Kid’s World celebrated the Week of the Young Child during the third week of April. The “Week of the Young Child” is a nationwide celebration sponsored by the National Association for the Education of Young Children to bring awareness to the needs of young children and their families and honor the programs and services who meet their needs. Each classroom at the Center planned a week filled with fun child-centered activities.
At Kid’s World, the teachers are always thinking about early childhood education and what they can do to improve it. Children are celebrated every day at the Center. However, with the Week of the Young Child as a catalyst, the teachers thought even more intentionally about the ways in which they wanted to honor the young children’s experiences.

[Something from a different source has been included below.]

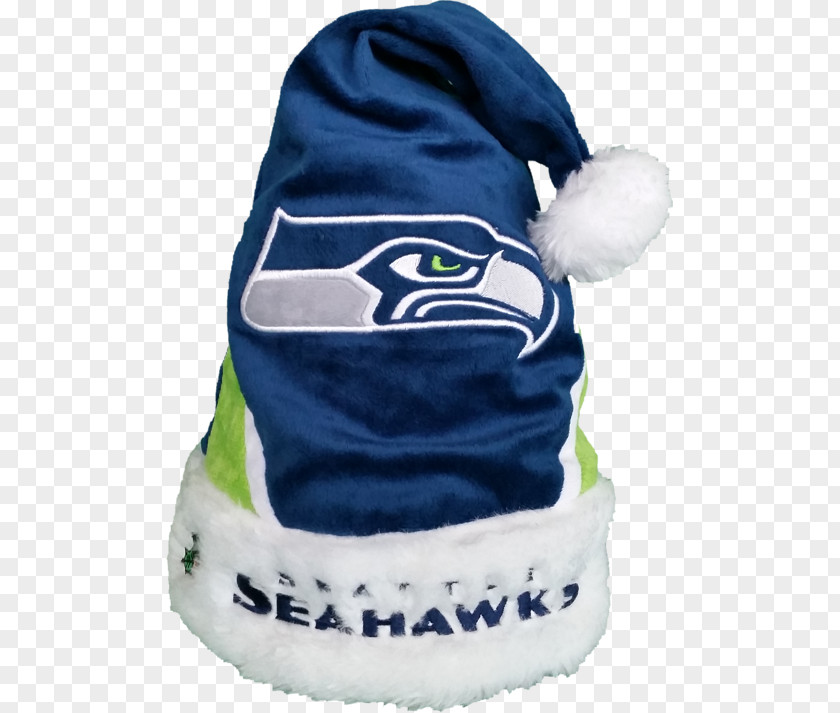 Seattle Seahawks NFL Santa Claus PNG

The teachers decided that the experiences should be connected to the way in which they work with the children every day. They wanted to involve parents and other family members, even the furry kind, and the community. Above all, they wanted the experiences to be educational and joyful.
The children in Rebeca Braster’s toddler class participated in a Study of Families. Parents and other family members were invited to the classroom to share their talents and hobbies with the children. Several parents took advantage of the opportunity to discuss their jobs in the classroom.
Karrie Ingram and Katie Laurson incorporated activities involving the children’s Pet Study. Rusty Admire from The Pet Shop brought several unusual pets to the classroom for the children to observe.
The preschoolers in Dawn Johnson’s four-year-old preschool class participated in Mad Science Week. The children participated in a variety of science experiences. The children wore goggles and “lab coats” as they performed their experiments. The children learned what scientists do as they asked questions, formed hypotheses, tested their hypotheses, recorded their observations, and came to conclusions.
The week-long celebration culminated with a visit from Dizzy the Clown. Dizzy presented a program on Respect which is one of the Center’s PBIS Expectations.